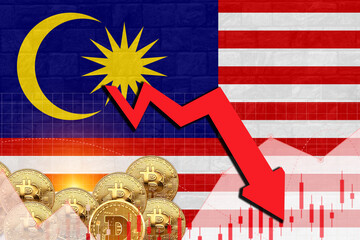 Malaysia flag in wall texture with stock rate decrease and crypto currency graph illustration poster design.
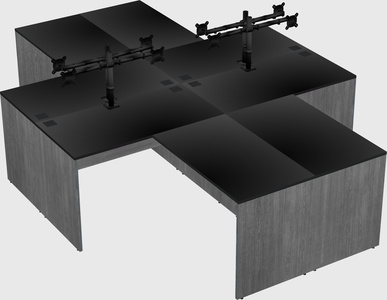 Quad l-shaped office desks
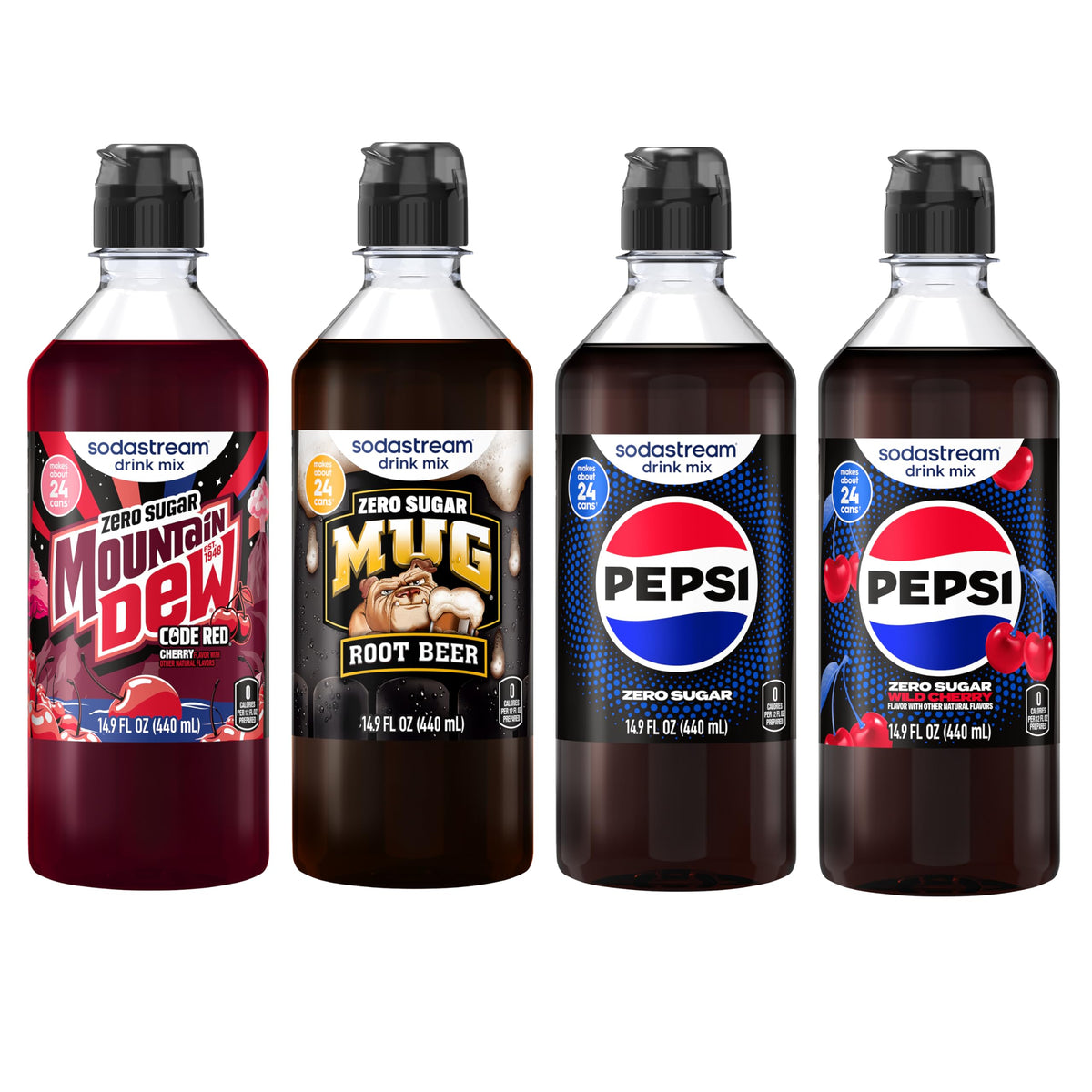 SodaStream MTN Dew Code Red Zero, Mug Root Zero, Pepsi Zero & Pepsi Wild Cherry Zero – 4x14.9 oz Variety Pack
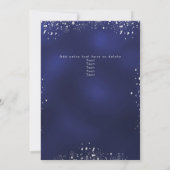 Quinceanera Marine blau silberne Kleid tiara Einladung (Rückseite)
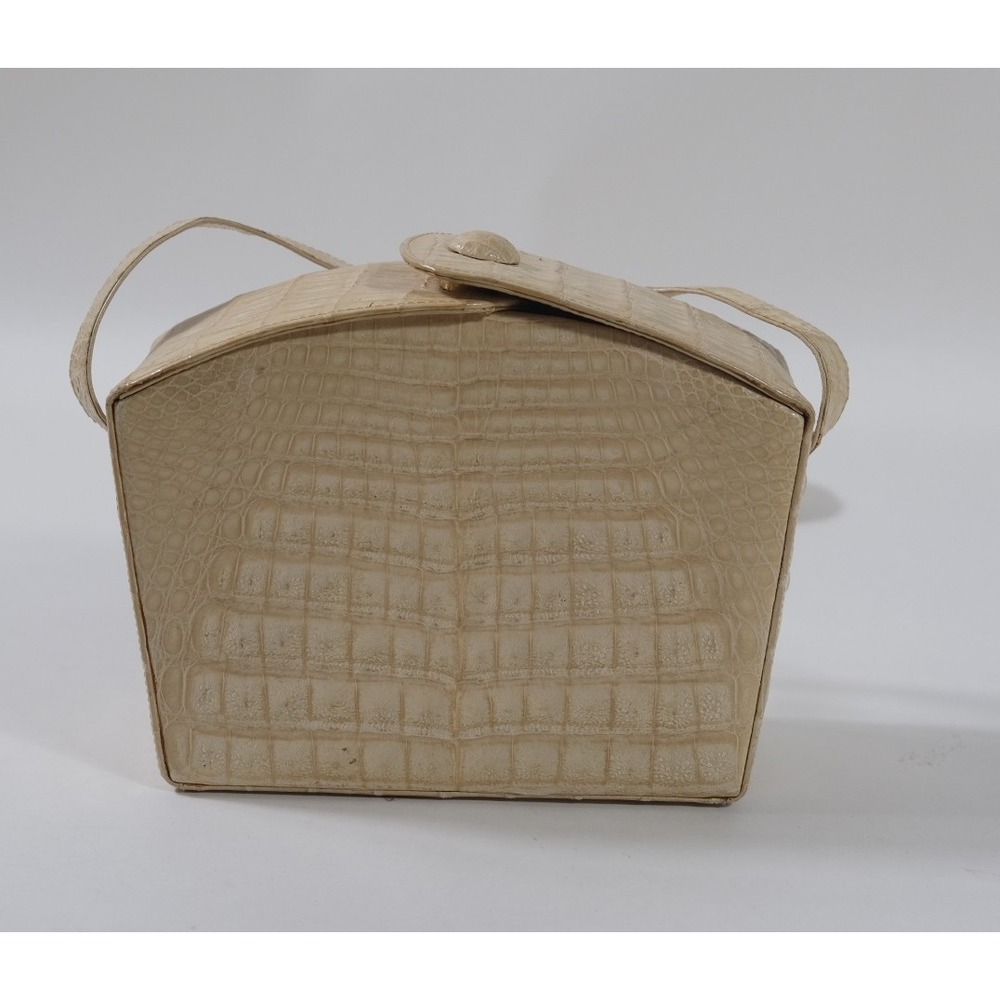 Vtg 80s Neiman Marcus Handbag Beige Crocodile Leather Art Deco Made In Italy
...
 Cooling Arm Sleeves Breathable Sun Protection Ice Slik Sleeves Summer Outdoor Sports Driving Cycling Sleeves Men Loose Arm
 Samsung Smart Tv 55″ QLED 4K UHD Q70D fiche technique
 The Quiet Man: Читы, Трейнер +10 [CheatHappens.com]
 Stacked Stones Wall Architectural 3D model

▶ _Requirement_
Return only the lines between the one holding "Samsung Smart Tv" and the one holding "Stacked Stones Wall Architectural 3D model", inclusive, exactly as they appear above.

▶ _Exercise output_
 Samsung Smart Tv 55″ QLED 4K UHD Q70D fiche technique
 The Quiet Man: Читы, Трейнер +10 [CheatHappens.com]
 Stacked Stones Wall Architectural 3D model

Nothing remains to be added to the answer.